Merriam Webster describes FOMO (Fear of Missing Out) as
fear of not being included in something (such as an interesting or enjoyable activity) that others are experiencing.
This happens to all of us on a day to day basis. You see photos of your friends traveling, on Facebook and you can’t wait to plan your next trip to Mustang. You see your friends hooking up via Tinder. And, you can’t wait to play the swipe game, not knowing that if you have a choice between 1000s of people, it’s way more crippling than when we limit ourselves with a single choice. Your friends are blogging and you can’t wait to start your blog.
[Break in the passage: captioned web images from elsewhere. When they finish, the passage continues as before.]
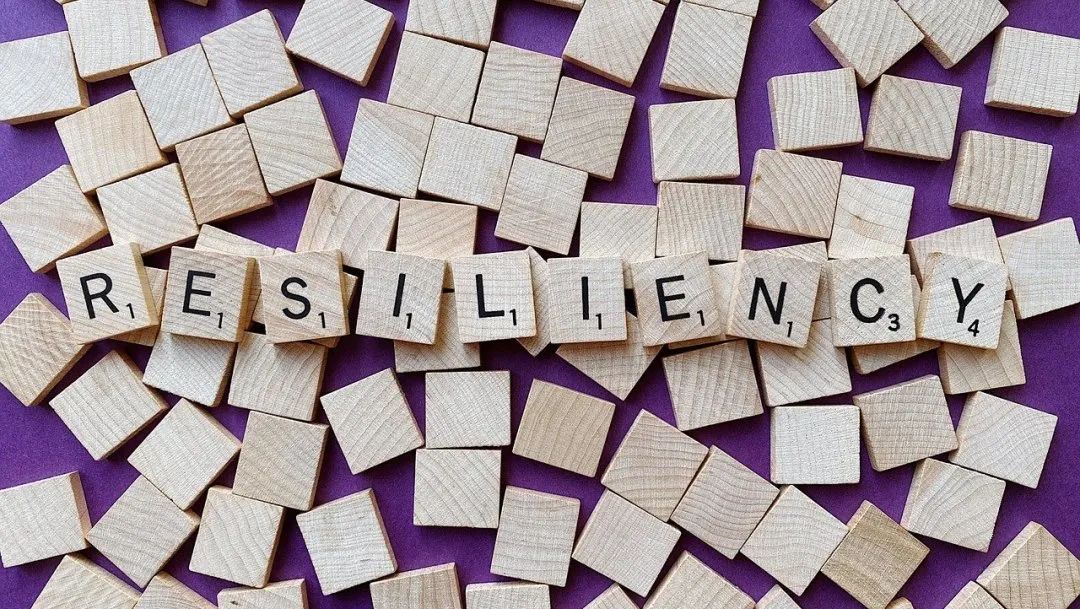 预制菜争议持续发酵,餐馆如何打消食客顾虑?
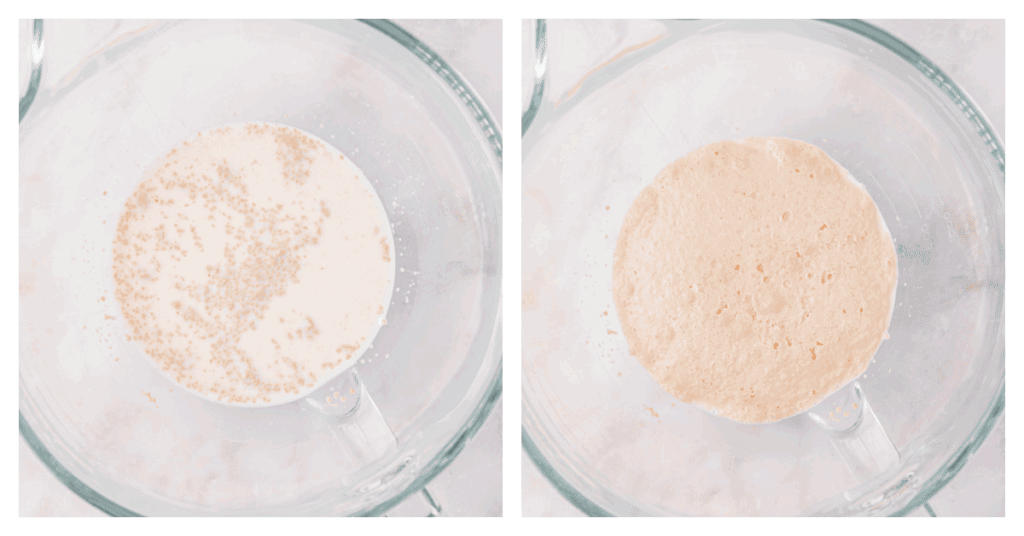 yeast proofing in milk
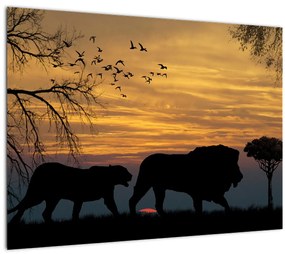 Safari képe (70x50 cm)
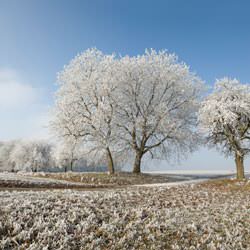 Frost covering trees and a grassy field in Long Island City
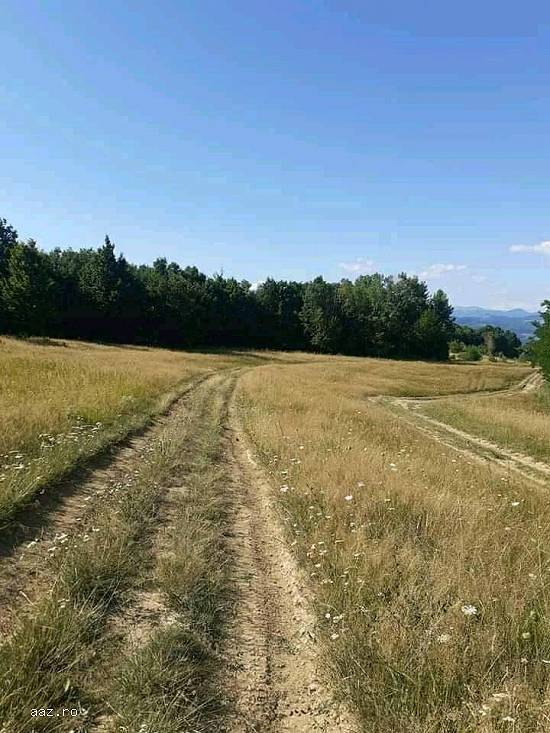 ❗TEREN DE VÂNZARE ❗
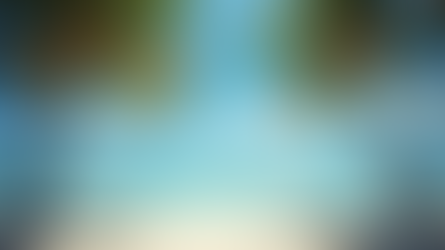 Acheter une Entreprise à Tahiti : Ce qu'il Faut Savoir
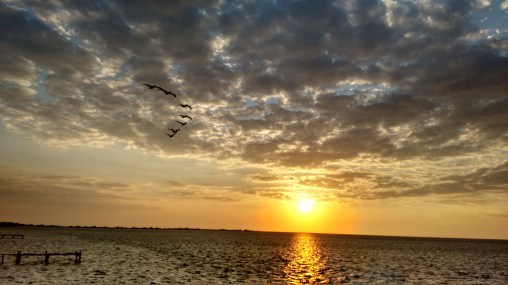 Atardecer en Campeche (11)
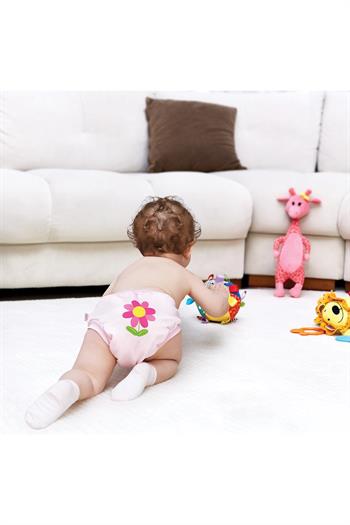 Babyjem Soft Alıştırma Külodu Pembe 2Yaş 244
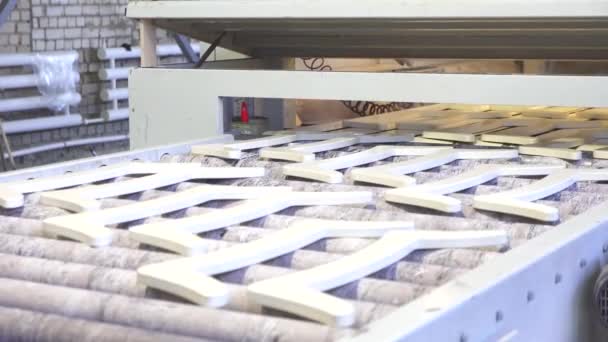 Uomo lavora sulla linea di verniciatura automatica di prodotti in legno — Video Stock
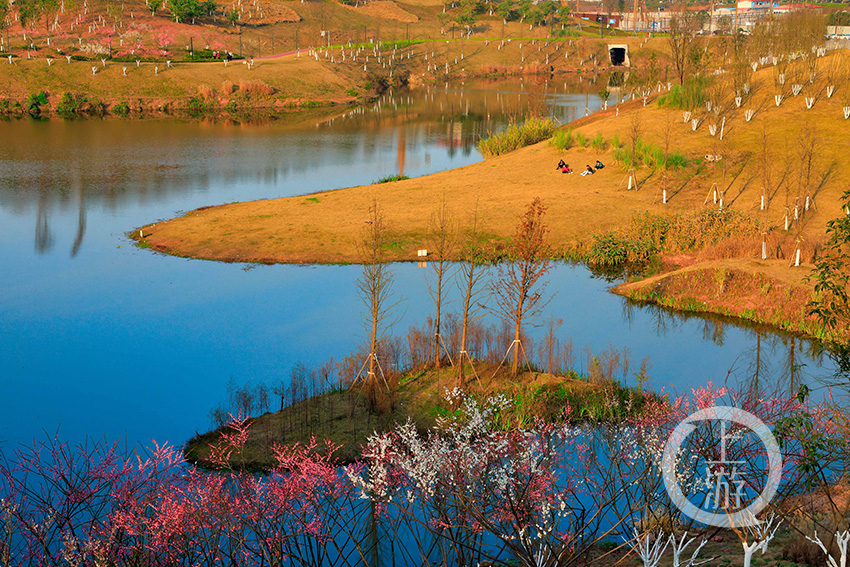 五云湖冬景如画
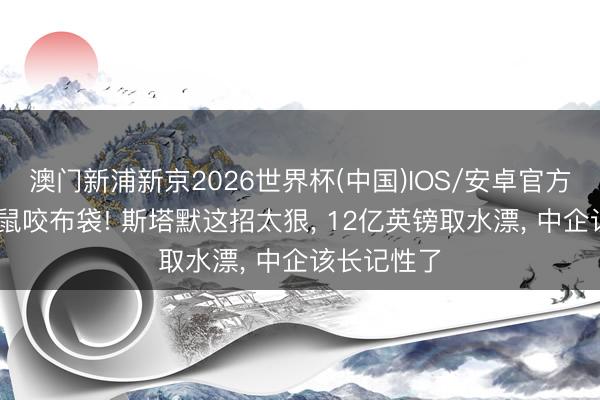 澳门新浦新京2026世界杯(中国)IOS/安卓官方下载 养老鼠咬布袋! 斯塔默这招太狠， 12亿英镑取水漂， 中企该长记性了
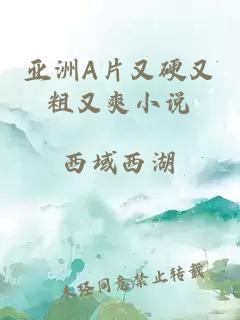 亚洲A片又硬又粗又爽小说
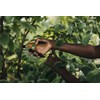 Fiskars Bypass Secateurs for Fresh Branches and Branches, Non-Stick, Steel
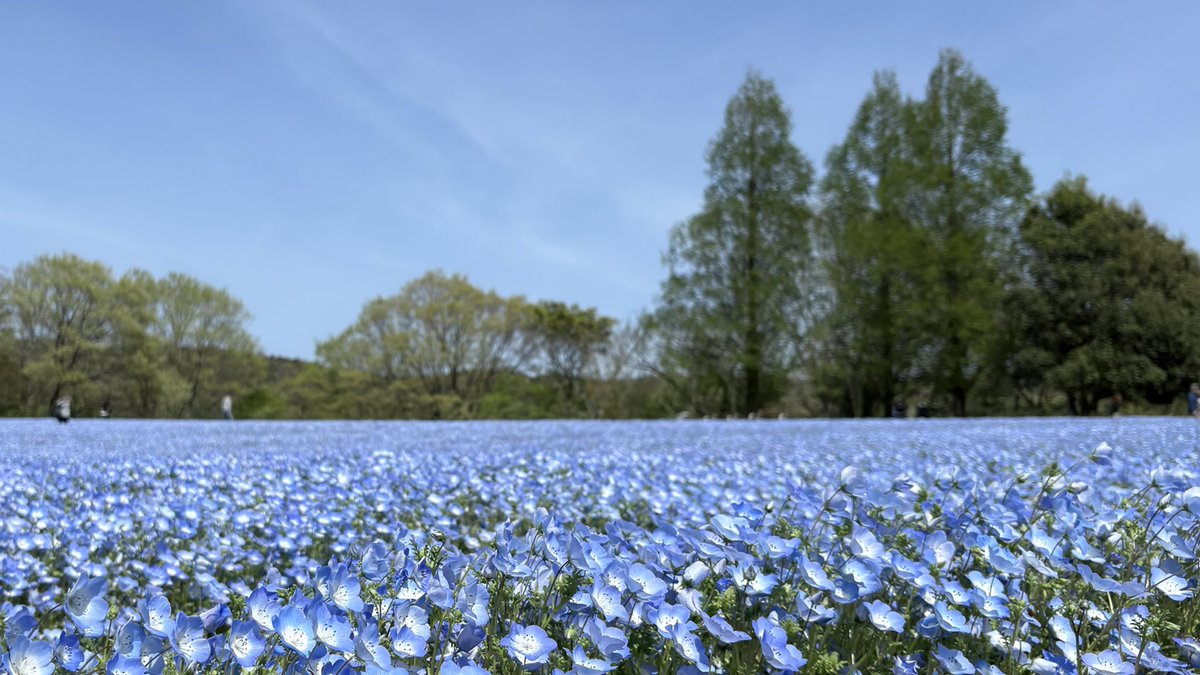 えだまめ（おかめ） tweet media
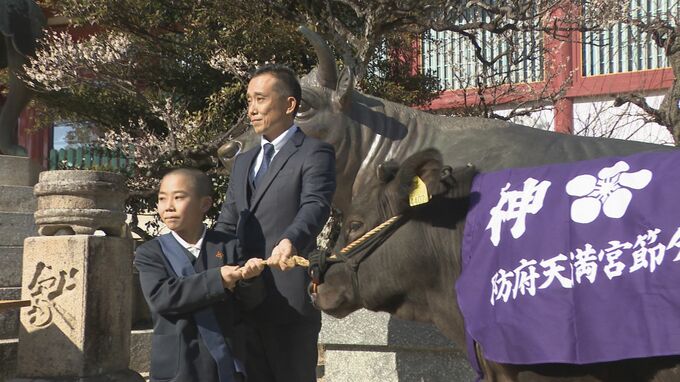 体重280キロ生きた子牛・当せんしたのは小学５年生「牛と一緒にレスリングをしたい」　防府天満宮恒例“牛替神事”　|　山口のニュース・天気・防災｜tys NEWS｜ｔｙｓテレビ山口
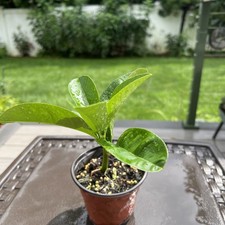 Buddhas Hand Fingered Citron Tree Live Citrus Plant - 4 1/2” Pot picture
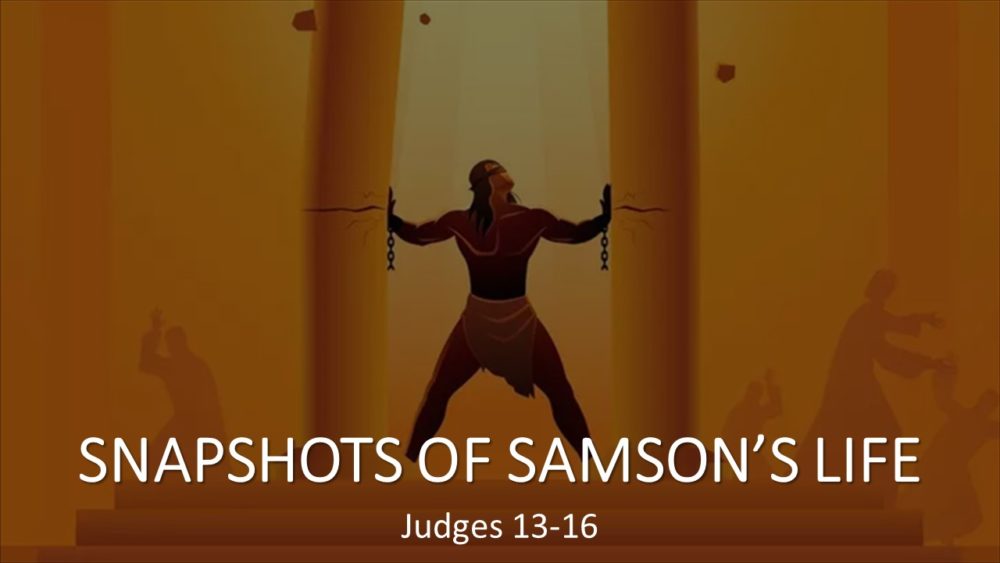 Snapshots of Samson's Life Image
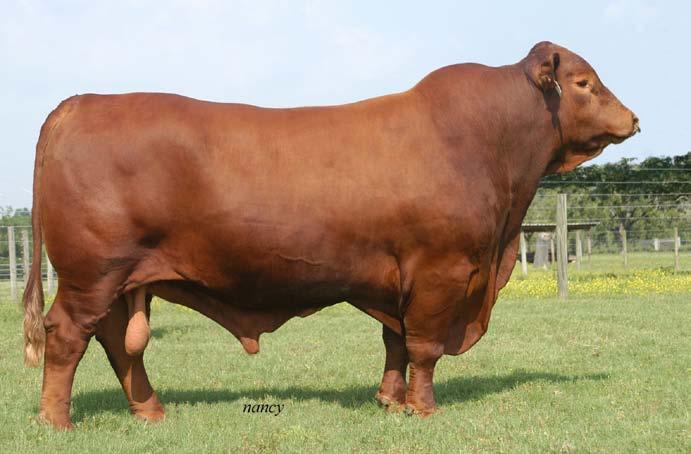 6 Good Shepard Cattle Co. is proud introduce the first of their three Divas in Red offerings. 68/Z is a functional, broody young female whose pedigree includes Home Run, Payload and Promise 37/K.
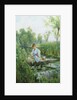 Waterlillies by Alfred Augustus Glendening II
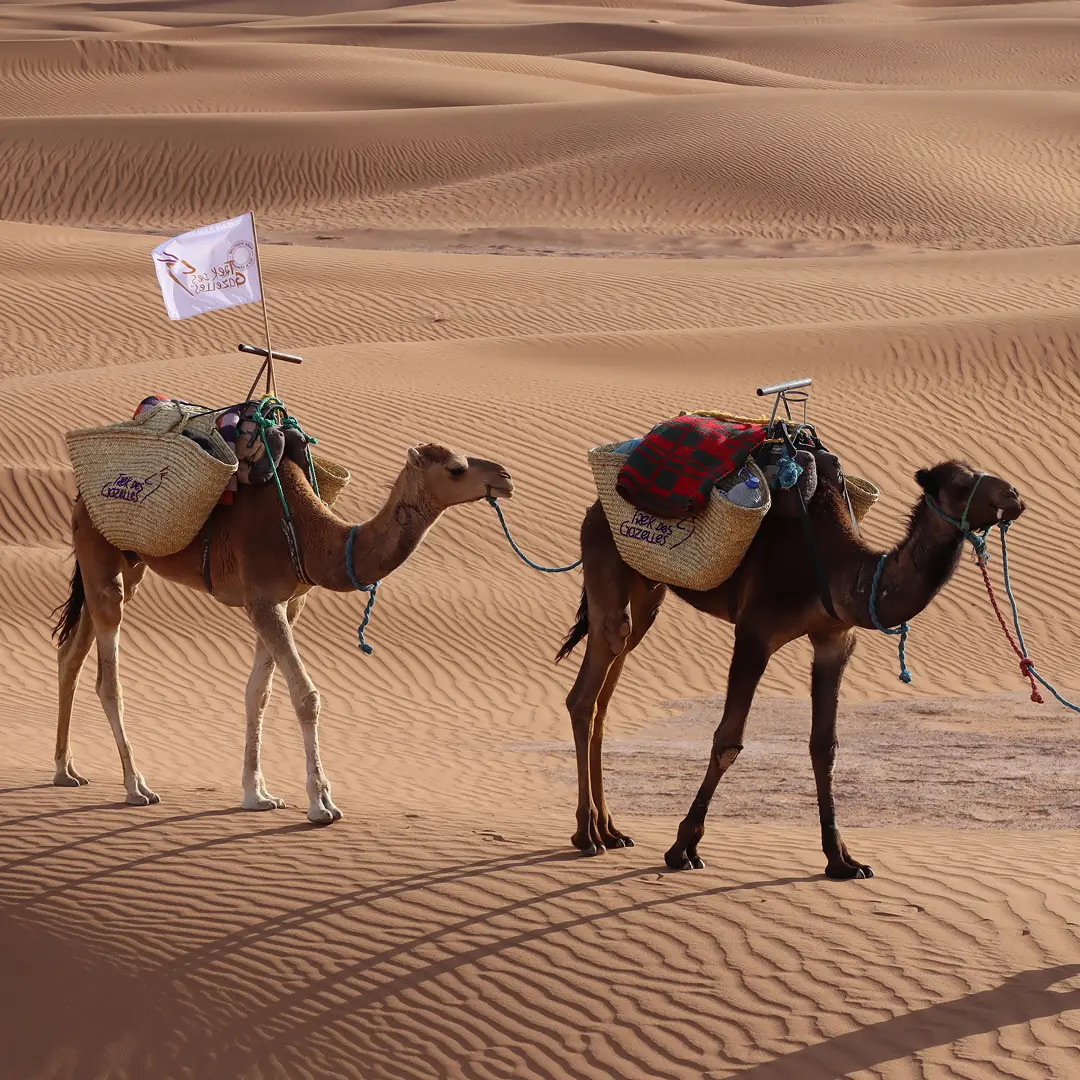 Trek des Gazelles-Partner, Marokko-Trek-Sponsoren, Frauen-Trek-Organisation, Abenteuerpartner, Partner, Partner, Medien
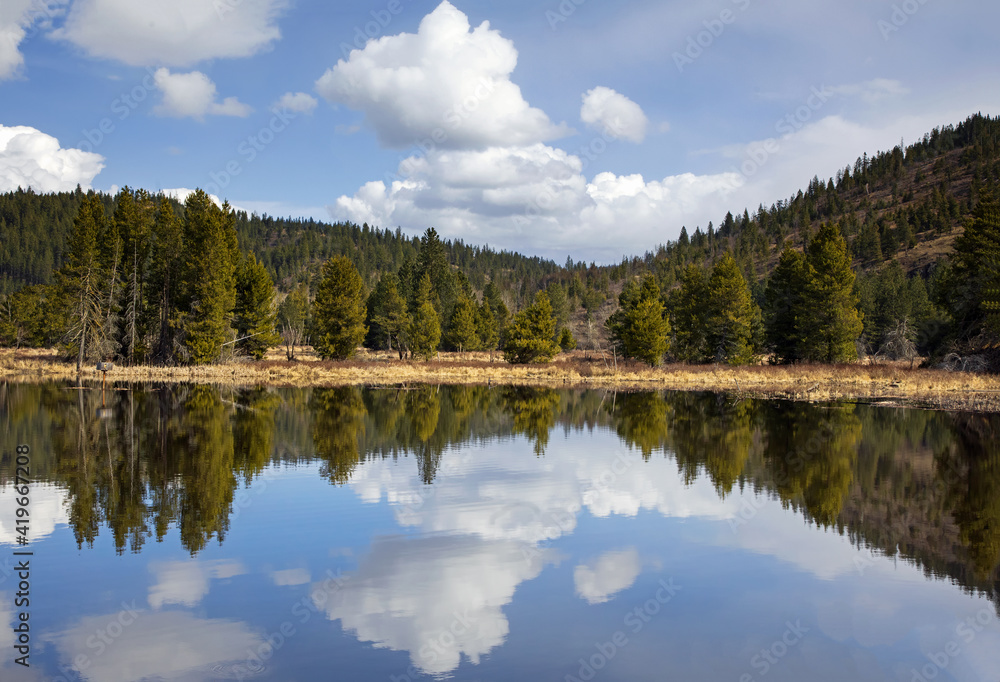 Original landscape photograph of a glassy lake reflecting the evergreen tree covered hills and white billowy clouds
“The existence of multiple alternatives makes it easy for us to imagine alternatives that don’t exist—alternatives that combine the attractive features of the ones that do exist. And to the extent that we engage our imaginations in this way, we will be even less satisfied with the alternative we end up choosing. So, once again, a greater variety of choices actually makes us feel worse.” – Barry Schwartz, The Paradox of Choice: Why More Is Less
FOMO is often what drives people to try to accumulate as many experiences as possible, but it simultaneously robs those same experiences of any significance or lasting meaning. The reason is that FOMO causes people to make their decisions based not on the reality of the experience, but rather the imagined experience. – Mark Manson
There is always something that you are going to miss out in life. You cannot try everything. As Mark Manson puts it
Commitment > Choices
Depth makes you credible, and depth comes from commitment to a person/job/practice/trade over a period of time.